Nancy is her name. She has seen eight autumns so far. But hardly any spring !
She was born in a small, sleepy hamlet in Madhya Pradesh—Rashidpur—but lives, now, in a millennium city near the national capital of India – Gurgaon. Life in the two habitats is as different as chalk and cheese. To Nancy, however, the two seem the same. She is not difference-blind, but her poverty is.
Her father, Vikram, is a poor rickshaw-puller. He is, like many others of his tribe, an alcoholic. Lazy and lousy, he earns less and spends more – mostly on his drinks and so forth. Her mother, Sita, is a domestic servant. Hard working and sensible, she works in two middle class households and earns Rs. 2,000 per month. Both Vikram and Sita are illiterate.
For a house, they have a small hut – about 7 feet x 7 feet – by the side of a road. They have no address. There is no furniture, power or water. They squat and sleep on the floor. An earthen lamp lightens their hut. An erratically functioning municipal water tap at a distance is the source of water. A toilet ? They have never known anything like that – they go their forefathers’ way in some remote, open space when the sky is sunless.
A wonder of wonders, the poor, illiterate parents send Nancy to a school. The reason? Not education, but a ‘sumptuous’ mid-day meal, which school provides absolutely free. The old, kind lady whose domestic work Nancy’s mother does, provides uniform and books. Thus everything is free, which makes Nancy’s father very happy: not for the reason that his daughter goes to school, but for her being brought up according, to the Book of Traditional Wisdom, which counsels that spending money on a girl was like watering a tree in your neighbour’s compound.

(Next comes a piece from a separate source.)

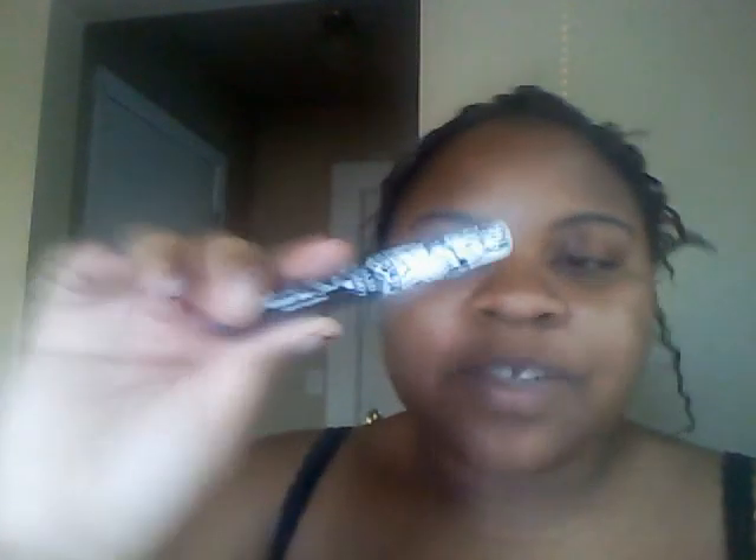I also got some perfume but it's in my bathroom so I didn't go get it. And I also got the Hard Candy Walk on the Line liquid eyeliner, and I love the little case — it's so cute. I love eyeliner so I'm always buying new eyeliner. It comes in black.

Nancy, too, is happy – but for different reasons. She has friends to play with in the school – something that she badly missed at home. Intelligent and inquisitive, she finds her studies interesting. Swift, sensible and sweet – everywhere – she is loved by her peers and liked by her teachers.
Nancy excels in studies as much as in co-curricular activities. For her good performance, she receives prizes and wins trophies. She is, in short, a wonderment: how could, people around often ask, a little girl from a hut, and hurting environs manage a totally strange world of a school, which none of her present or past generations had the privilege of even casually visiting, so successfully, so skillfully?

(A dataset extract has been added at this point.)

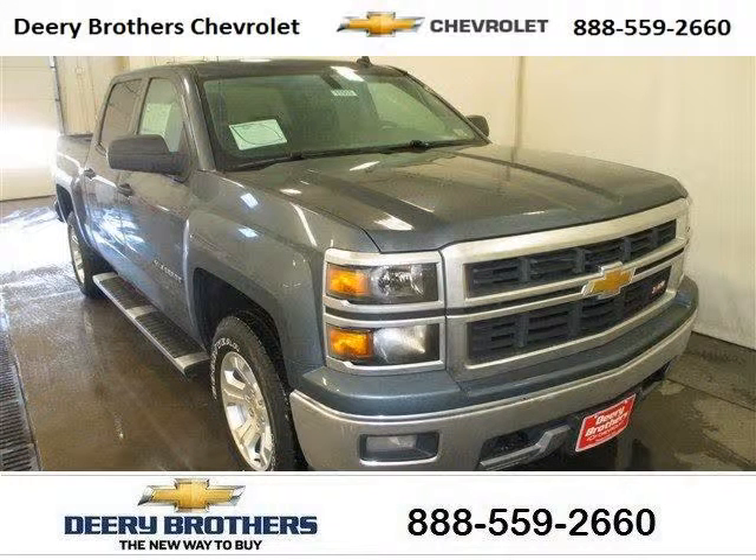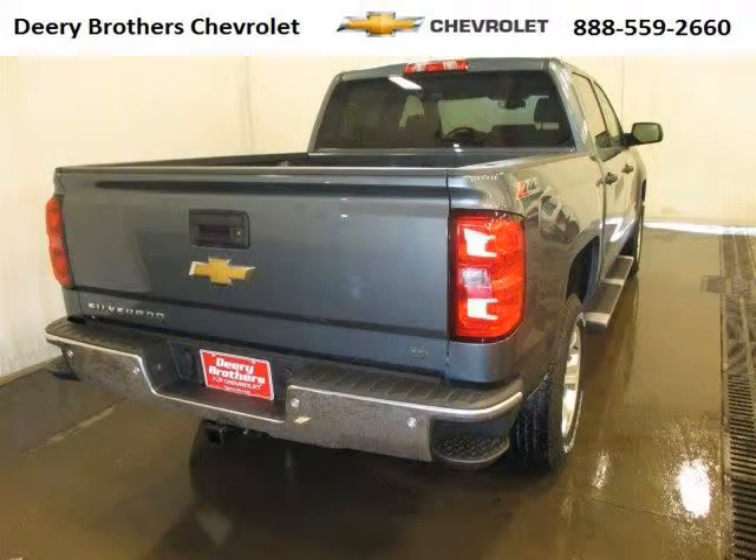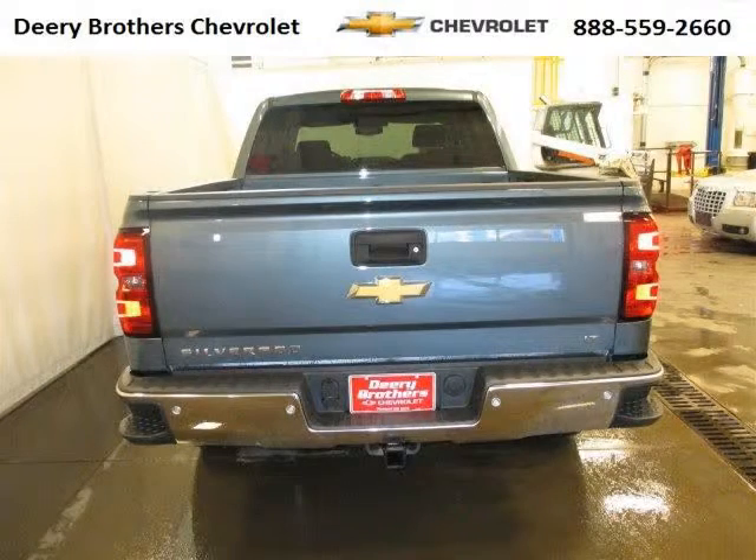Do you want to stretch your purchasing power? Take a look at this outstanding 2014 Chevy Silverado 1500. This Silverado 1500 would look so much better with you behind the wheel instead of sitting on our lot. And with climate control, automatic transmission, it's bound to sell fast. The airbags and Dolby stereo only makes it more attractive.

On presenting a good budget, the UK premier Margret Thatcher was once queried by a scribe as to where did she learn the art of budgeting from? From my ‘Kitchen School’, she replied. I learnt the tough job there and applied its principles here. Nancy’s experience is also something like Thatcher’s. She has learnt the principles of managing things from her ‘Hut School’. Her mother, poor, illiterate Sita, was her teacher.
Nancy saw many alcoholic working men like her father beating their wives and helling their home-life in the neighbourhood. She saw many cash-crunched poor people living wretched and low life there. She saw feuds and fights going every now and then among her neighbours, disturbing peace and tranquility of the place. But thanks to her mother, such things never happened in their world—their hut—home.

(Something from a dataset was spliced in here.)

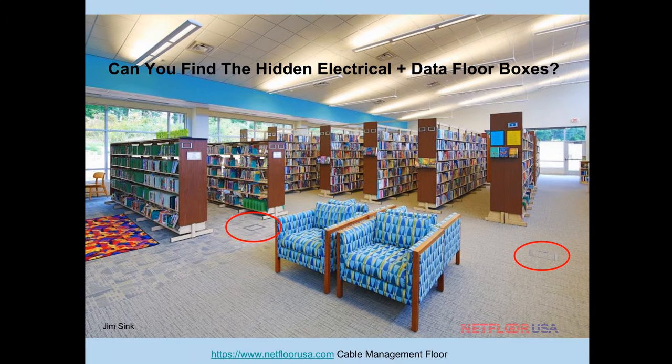The point is: you've seen what all the other methods of cable management look like — this is what it looks like when you use a cable management floor. You can't even tell you're using one. The building is beautiful, it has flow, it's pleasing to the eye, and it works for whatever purpose it serves. Our goal is to do such a good job managing your wires and cables that you actually forget you're standing and working on a cable management access floor.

How did Nancy’s poor illiterate mother, Sita manage to live that way, with peace, honour and dignity in such poverty and painfully violent environs? “Very simple”, Sita tells everyone asking such questions, “with respect, love and compassion. I try to give these to others in so abundance that these flood back to me. My husband’s intoxication and violence, the damage of our deprivation and dearth, the bad feeling of our bad neighbours and others get drowned there. Happiness floats everywhere in our life.”
Nancy watched her teacher—her mother—from close quarters with rapt attention and emotional involvement, performing her lesson in her real life, internalized it and put it at play, successfully, in her own wee world.
Nancy’s way is, whatever the modern management gurus might say, is the sure way to success in managing any world, small or big, simple or complex, peaceful or violent.